So, what you can do to get an exact idea of the page dimensions? The easiest and simplest
method of this is to, see Print Preview right away when you create a new worksheet or open
an older one. As for this blank worksheet, I click on File menu, and then click on Print.
On the right side pane, you can see a message stating, “We didn’t find anything to print”,
or in older versions of Excel, you might see a dialog box stating, “Microsoft Excel didn’t
find anything to print”. As I already knew that this is a new blank worksheet, then why
would I will try to see a Print Preview. Because this is a quickest method of knowing your
page dimensions. As I go back to my worksheet, you can see a dotted line between the column,
I and J. That dotted line is indicating that your first page is ending here width wise,
and if you scroll down and look over, then you can see another dotted line between the
row number 53 and 54. It is where my first page is ending height wise.

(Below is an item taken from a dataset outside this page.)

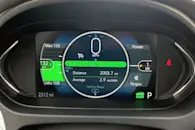 Picture of 2021 Chevrolet Bolt EV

So in my opinion, this is the quickest method, and that is what I always use while start
working in a new Excel worksheet, or when I need to see the page dimensions of an older
worksheet. I prefer pressing Control + F2 key as a shortcut to Print Preview command,
or you can also add a Print Preview button to your Quick Access toolbar. You can also
watch our previous video about Introduction to Excel interface, for mode detail explanation
about customizing Quick Access toolbar. But you might be thinking that how Excel decides,
where to put those dotted lines. This actually depends on the default paper size, margins,
and orientation settings, and those default settings are gathered by Excel from your printer
settings. We recently had published a video regarding Setting Up your Default Printer
Settings, that you can watch for brief reference. So if I click on Page Layout tab form the
Ribbon, here you can see and configure various page and printer settings. For instance, if
I click on Size drop down button, you can notice here that the default paper size is
Letter. So when I press the Print Preview button, Excel checks which paper size has
been used, and according to your paper size and dimensions the dotted line are drawn.
Do note that, you must configure the same paper size in the application that you are
going to use in the printer itself. If I choose B4 as the paper size, then I will make sure
that the same B4 size paper is available in printer tray, and as I choose the new paper
size, you can see that dotted line has moved according to the paper dimensions.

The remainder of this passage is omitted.